What was so great about the man called Moses that we would feel compelled to offer him a great tribute after studying the details of his life and death in the Torah?
MOSES WAS A SHADOW OF MESSIAH
Just exactly who was Moses anyway?
His name is thrown around a lot, but what do we really know of him?
Have we taken advantage of the fact that if we study the words God gave him to write down in the first five books of the bible, we might learn practically everything that anyone ever needs to know about how to live life on this earth?
We can’t really think too much about Moses and who he really was without first considering those old Israelites that he led out of Egypt.
Do you realize why they were in slavery for 400 years in the first place?
GOD HELPED MOSES TO FEED THE PHYSICAL ISRAELITES
A famine came upon the land of Canaan and they had to go to Egypt to obtain grain. Is it possible that this same story could play out again?
That was the reason the Israelites first came to Egypt. Here is the point where a million stories unite, and to make a long story short; they wound up living in Egypt for the next 400 years.
Not only did they live there; they later became slaves of Egypt because of some very strange family circumstances that played out over time.
Could this happen again?
Their first years in Egypt were good and abundant.
Pharaoh loved Joseph and they lived under that blessing. Years went by and both Pharaoh and Joseph died. The new Pharaoh didn’t think much of the dirty shepherds of Israel who lived in the land of Goshen. He only noticed how plentiful they had become and how their people seemed to be filling the land, taking up food and shelter that could be used by Egyptian natives.
This new Pharaoh taxed the people into debt, then used their debts to enslave them. It made him feel more secure to know that he had the power to command them any way that he chose.
Could this happen again?
There was no Joseph this time. They were caught in the trap of “survival.”
Those ancient Israelites wanted and needed a deliverer. The Israelites sought God every day and night asking for someone to come and save them.
God sent Moses.
Centuries went by. Time moved on. The same Israelites who had received salvation in the form of Jacob’s son named Joseph, and then a man named Moses; eventually came home to Israel and grew into a great nation who was later dominated by the Romans.
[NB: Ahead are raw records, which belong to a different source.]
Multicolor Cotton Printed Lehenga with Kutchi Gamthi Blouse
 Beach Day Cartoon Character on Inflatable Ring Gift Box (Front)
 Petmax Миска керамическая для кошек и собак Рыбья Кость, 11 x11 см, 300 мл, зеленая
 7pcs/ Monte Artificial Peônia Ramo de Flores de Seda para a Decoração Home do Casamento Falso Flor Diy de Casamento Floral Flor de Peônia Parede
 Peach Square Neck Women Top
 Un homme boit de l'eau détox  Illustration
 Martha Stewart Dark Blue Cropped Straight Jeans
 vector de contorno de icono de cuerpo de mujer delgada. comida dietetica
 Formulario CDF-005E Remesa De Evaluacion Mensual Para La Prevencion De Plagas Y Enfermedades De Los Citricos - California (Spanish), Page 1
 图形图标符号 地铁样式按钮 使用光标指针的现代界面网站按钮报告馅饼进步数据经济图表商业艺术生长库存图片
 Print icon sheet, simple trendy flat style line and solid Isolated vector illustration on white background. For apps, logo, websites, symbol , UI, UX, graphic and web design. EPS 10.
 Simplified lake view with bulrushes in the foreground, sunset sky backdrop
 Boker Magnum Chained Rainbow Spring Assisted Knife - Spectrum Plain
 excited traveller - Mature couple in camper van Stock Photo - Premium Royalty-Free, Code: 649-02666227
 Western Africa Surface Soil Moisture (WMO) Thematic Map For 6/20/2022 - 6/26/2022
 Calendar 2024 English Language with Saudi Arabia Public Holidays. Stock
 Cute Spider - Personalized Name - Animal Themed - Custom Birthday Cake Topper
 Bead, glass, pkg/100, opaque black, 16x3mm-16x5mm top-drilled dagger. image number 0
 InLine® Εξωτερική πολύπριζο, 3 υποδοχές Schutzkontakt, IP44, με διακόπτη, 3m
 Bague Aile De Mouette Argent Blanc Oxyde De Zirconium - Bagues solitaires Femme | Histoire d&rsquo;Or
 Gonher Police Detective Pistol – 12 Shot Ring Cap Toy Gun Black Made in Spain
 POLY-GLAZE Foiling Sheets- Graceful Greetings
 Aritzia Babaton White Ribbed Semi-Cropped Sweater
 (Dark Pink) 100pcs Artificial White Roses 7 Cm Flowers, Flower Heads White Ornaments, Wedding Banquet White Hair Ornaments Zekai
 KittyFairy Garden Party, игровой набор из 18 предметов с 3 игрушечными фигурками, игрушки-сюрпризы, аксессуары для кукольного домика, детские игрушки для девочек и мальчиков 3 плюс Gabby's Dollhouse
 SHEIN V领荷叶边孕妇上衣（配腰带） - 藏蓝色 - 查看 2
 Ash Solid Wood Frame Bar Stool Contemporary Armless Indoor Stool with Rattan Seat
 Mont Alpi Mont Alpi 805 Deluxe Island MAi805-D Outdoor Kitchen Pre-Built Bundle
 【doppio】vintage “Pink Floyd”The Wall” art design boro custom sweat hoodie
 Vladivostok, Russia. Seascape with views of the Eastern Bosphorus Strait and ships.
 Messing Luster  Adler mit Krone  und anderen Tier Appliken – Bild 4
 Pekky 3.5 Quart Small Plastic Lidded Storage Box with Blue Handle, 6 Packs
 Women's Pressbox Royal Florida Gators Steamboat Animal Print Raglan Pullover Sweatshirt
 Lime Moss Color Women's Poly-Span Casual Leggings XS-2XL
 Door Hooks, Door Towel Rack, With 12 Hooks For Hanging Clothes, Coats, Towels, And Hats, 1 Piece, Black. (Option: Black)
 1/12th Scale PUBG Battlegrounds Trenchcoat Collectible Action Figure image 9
Again; they prayed to God for deliverance.
God sent Jesus.
SO MANY SIMILARITIES
Like in the times of Moses, a savior appeared.
So similar to the story of Moses, he too was born under the reign of an evil dictator who sought to kill him at birth.
Just as Jacob escaped to Egypt in order to live; so did Mary and Joseph and Jesus.
Just as the Israelite descendants of Jacob came out of Egypt when they were led by Moses to cross the Red Sea in order to escape slavery; so Jesus and his holy family came out of Egypt and later he was baptized in order to show his people how to escape the slavery of sin.
SAME TRIALS AND TEMPTATIONS
Moses spent 40 years in the wilderness.
Jesus spent 40 days in the desert.
God provided the Manna from Heaven to Moses for food for the people of Israel.
God multiplied the loaves and fishes for Jesus to feed the hungry people.
THE GOOD SHEPHERD
Though Moses grew up to become a Prince of Egypt; he gave that up to become a shepherd in the wilderness.
Jesus came down from His Throne in Heaven as The Son of God to live the lowly life of an ordinary man and many came to know Him as The Good Shepherd.
Moses was misunderstood and rejected by those of whom he came to save.
Jesus experienced the same human behavior.
Both Moses and Jesus denied themselves and pursued the mission that God had purposed for them to do.
Moses was such a shadow and type of Jesus.
These two heroes lived and died centuries apart; but in spite of that, they knew each other.
Yes; you read that right.
A GOOD SHEPHERD MEETS THE GOOD SHEPHERD
Moses met Jesus Christ centuries before He came down from Heaven to be born as a child and laid inside a manager in Bethlehem.
When that little child was born in Bethlehem centuries after Moses lived and died; it happened again.
The humblest of shepherds were the ones who met him first.
The same experience was true for Moses. He was living the life of a lowly shepherd when he stumbled across a strange curiosity. It was a burning bush.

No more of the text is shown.